Using the material below, print a verbatim copy of every line from the one containing "yen vy hotel and apartment" through the one containing "Peugeot 208 1.2i", inclusive, and omit the pictures.

*** Opening Material to process ***

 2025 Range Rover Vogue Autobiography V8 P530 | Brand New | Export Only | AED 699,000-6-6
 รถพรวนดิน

*** Closing Material to process ***
*** Opening Material to process ***

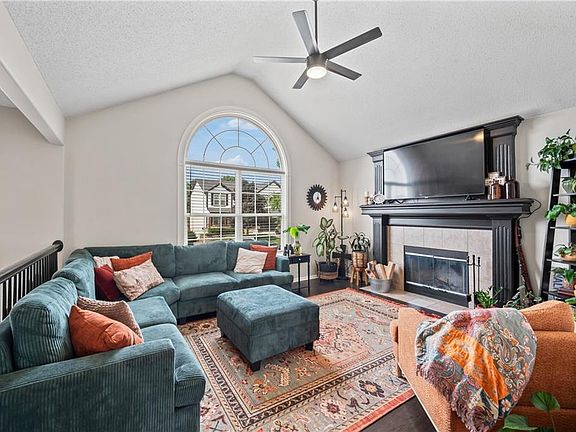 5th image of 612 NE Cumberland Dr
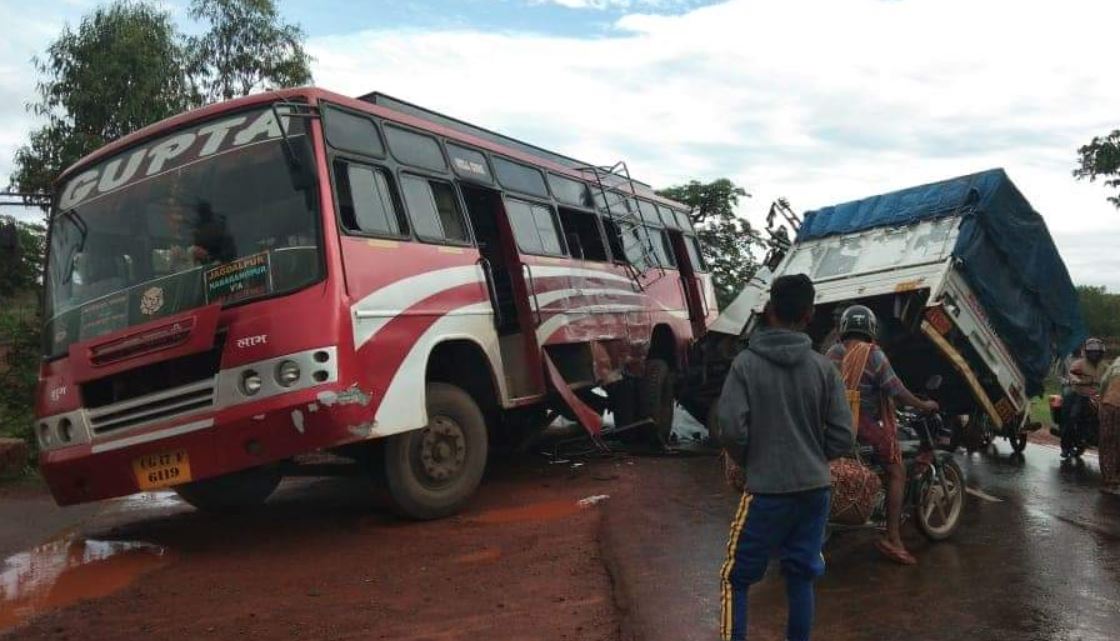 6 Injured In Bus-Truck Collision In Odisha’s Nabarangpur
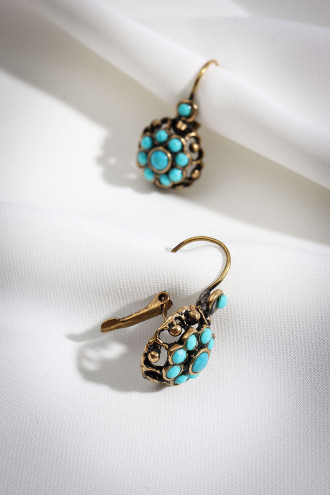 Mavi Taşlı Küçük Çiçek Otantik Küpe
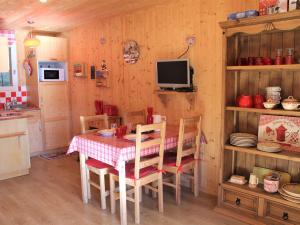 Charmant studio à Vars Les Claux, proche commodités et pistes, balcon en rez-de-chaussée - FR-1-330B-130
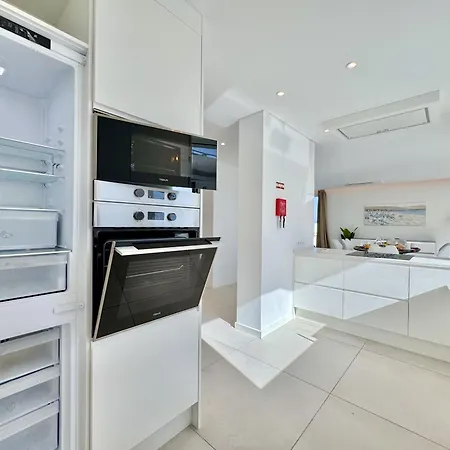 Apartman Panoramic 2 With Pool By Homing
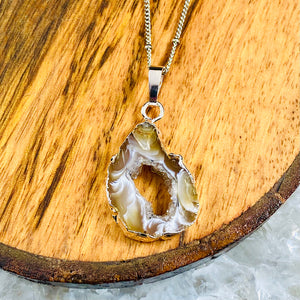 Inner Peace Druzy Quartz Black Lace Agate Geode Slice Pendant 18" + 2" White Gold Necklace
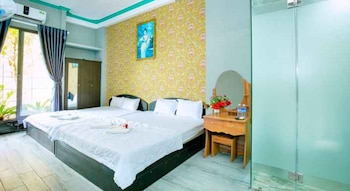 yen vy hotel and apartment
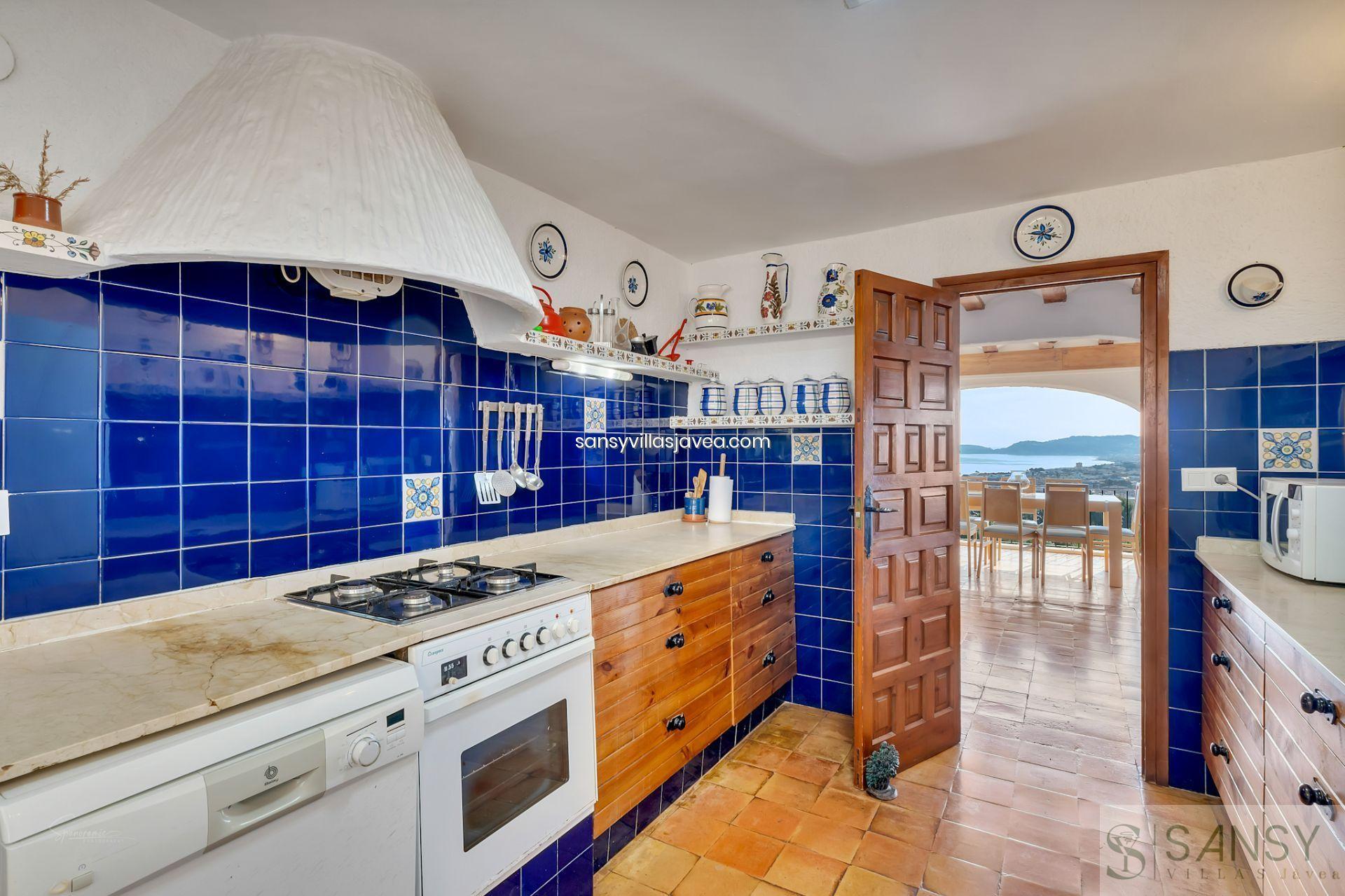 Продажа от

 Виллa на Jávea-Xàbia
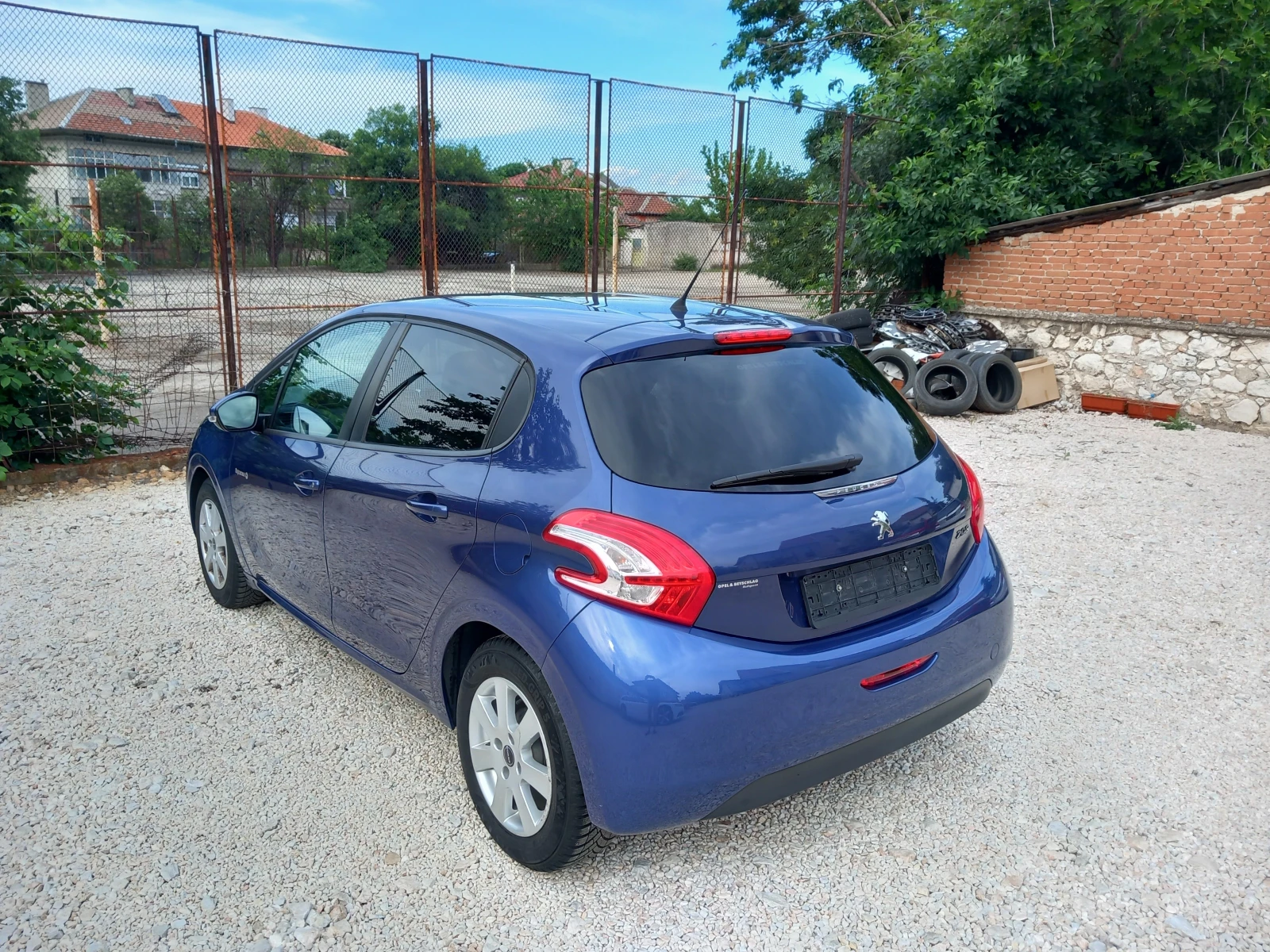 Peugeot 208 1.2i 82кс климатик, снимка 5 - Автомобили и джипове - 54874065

*** Closing Material to process ***
*** Opening Material to process ***

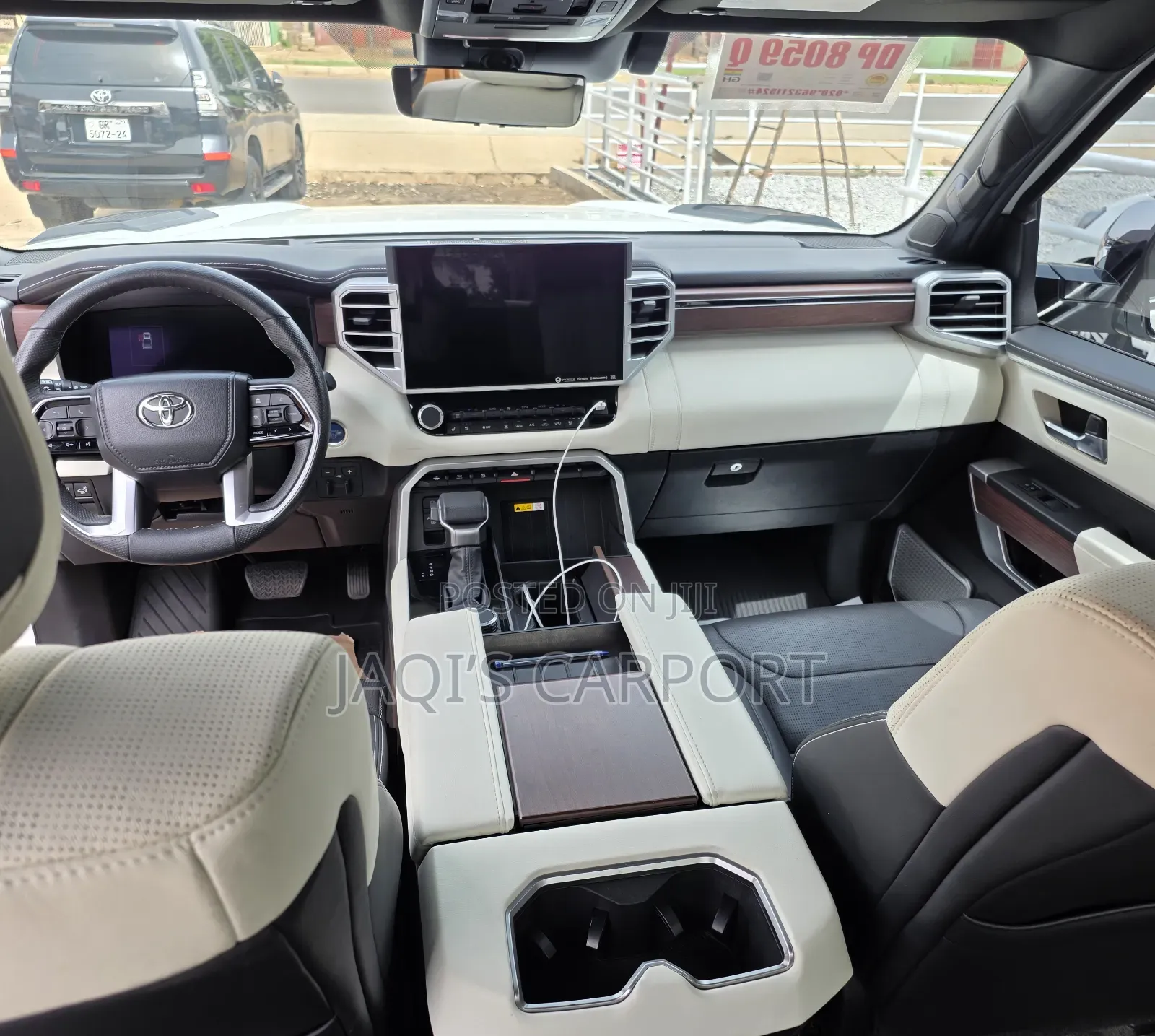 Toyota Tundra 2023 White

*** Closing Material to process ***

### Response area
 yen vy hotel and apartment
 Продажа от

 Виллa на Jávea-Xàbia
 Peugeot 208 1.2i 82кс климатик, снимка 5 - Автомобили и джипове - 54874065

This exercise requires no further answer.